Bella Lugosi started a change in the vampire’s image in 1931, and people began to think of vampires as dapper gentlemen. Another significant milestone came with Interview with the Vampire (Dir. Neil Jordan, 1994), the first major motion picture to focus on the vampire’s point of view. Interview included, among other things, Louis (Brad Pitt), a vampire whose conscience is haunted by the people he has to drain to survive. Instead of rooting for Louis’ destruction, moviegoers felt bad for him. Of course, it didn’t hurt that he looked like one of Hollywood’s most bankable heartthrobs. This was the fulcrum in the swing from vampires as dangerous to vampires as desirable. More recent vampires are genuine bring-home-to-mom material, and in fact are often kinder and more thoughtful than humans. In fact, in certain series, e.g. Underworld, vampires don’t even drink human blood. The subject of how they survive is kind of glossed over, leaving us to assume that vampires exist only to look sexy, twirl pistols, and spout the angst of a prolonged adolescence.
A lot of people are really enjoying this desirable vampire craze, of course. Nothing has generated so much drooling female hysteria as the smut series we call Twilight. But as much as Interview gave us, it also caused us to lose something. Vampires as they once were provided no end of engaging stories and wish fulfillment, because they were enemies you could kill without remorse (because they were already, you know, dead). Everyone loves a story of human struggle and triumph, especially with some combat thrown in, but when such stories involve human enemies, that raises all kinds of pesky moral issues, along with the occasional libel suit. If we have to sympathize with vampires now, who can we kill without remorse?
Zombies to the rescue! I’ve already expounded on the flood of zombie flicks we’ve seen in the 19 years since Interview. Zombie movies are the perfect genre. They’re quick and cheap to make, they don’t need to be good, and they are the perfect form of escapism, because not only do they provide an army of unfeeling, unthinking enemies, they also bring about the downfall of the Man. That mortgage you’re stressed about? Forget about it! That cubicle job you have to go to everyday? Not anymore! You now need concern yourself with three things: Food. Shelter. Zombies. So pick up your shotgun or chainsaw, and go have a head-splattering, limb-severing blast, all amid a playground of empty mansions, unguarded stores, and abandoned Ferraris.
This brings us to Warm Bodies.

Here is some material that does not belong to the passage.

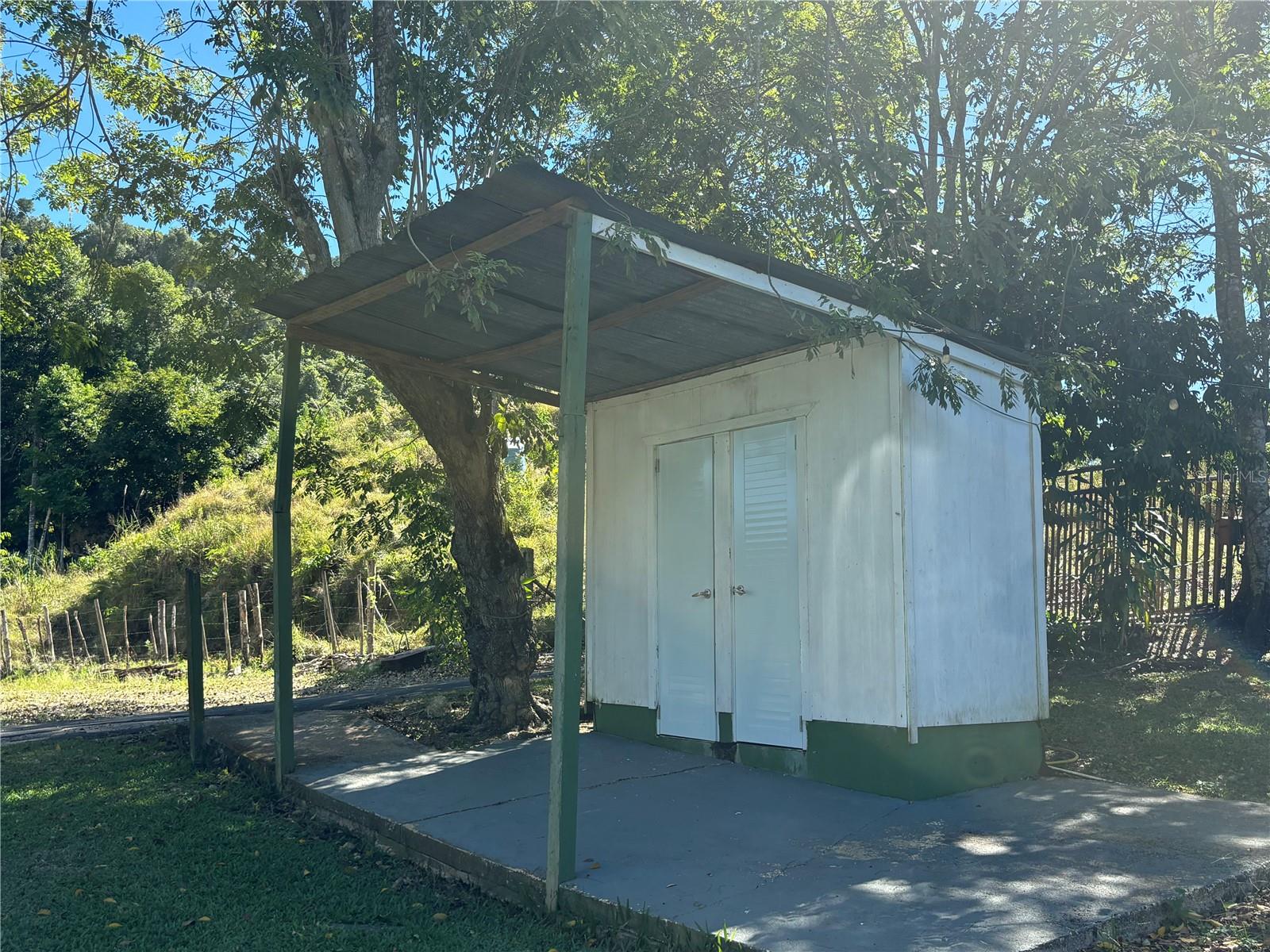 14 PR -146 FRONTON, CIALES - Residential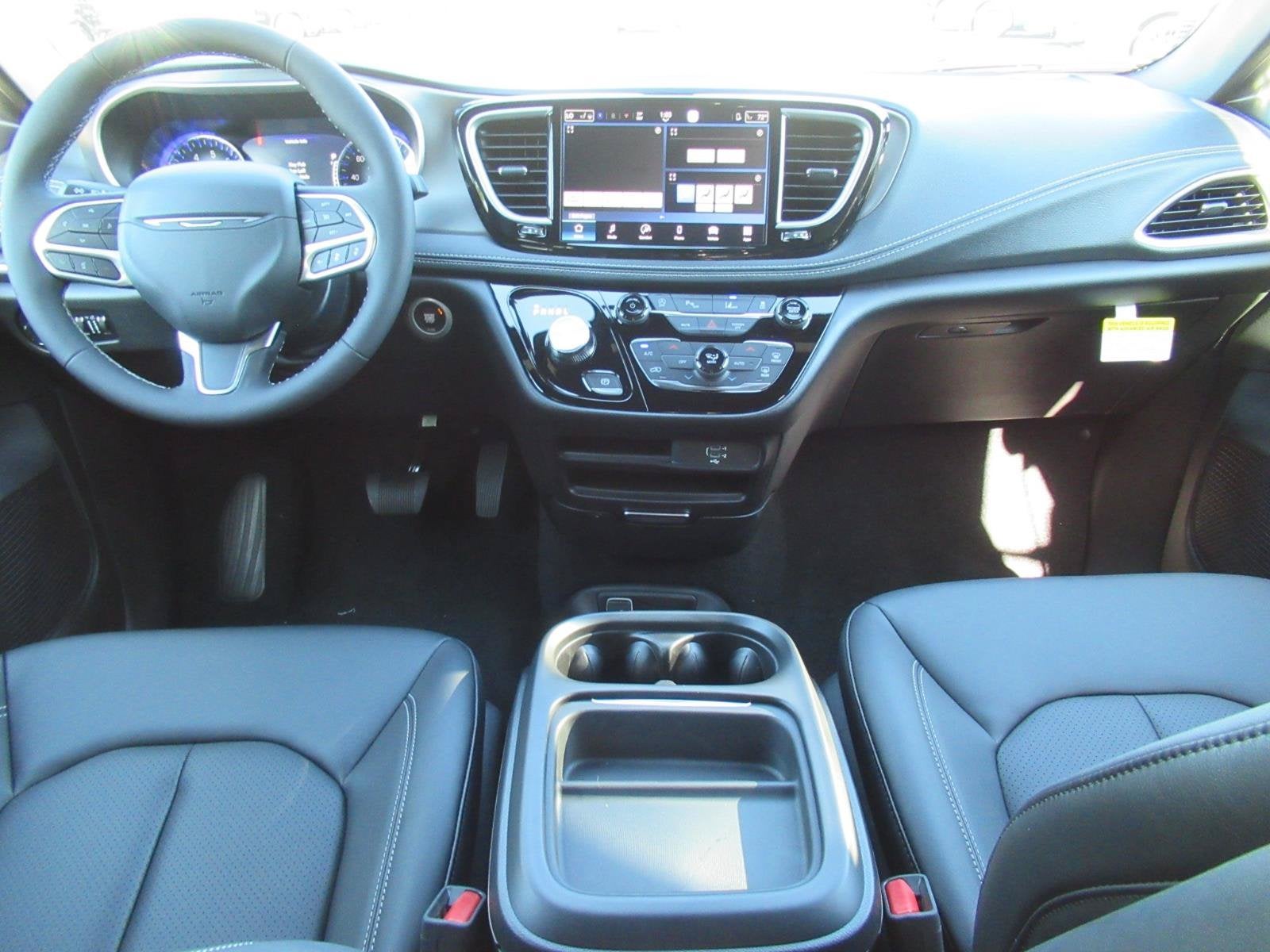 2027 Chrysler Pacifica PACIFICA SELECT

We join our narrator, a zombie (Nicholas Hoult) who remembers only that his name started with R, as he shambles through a crowd of other zombies, who occasionally manage to squeeze single words from their rigor mortized throats. We also meet Bonies. Bonies are what zombies will eventually become. They resemble the more skeletal monsters from The Mummy and are conceptually the same thing as the re-deads from the Resident Evil games. Our hero makes his home in a disused airplane, where he collects trinkets, listens to vinyl and wishes to be alive again.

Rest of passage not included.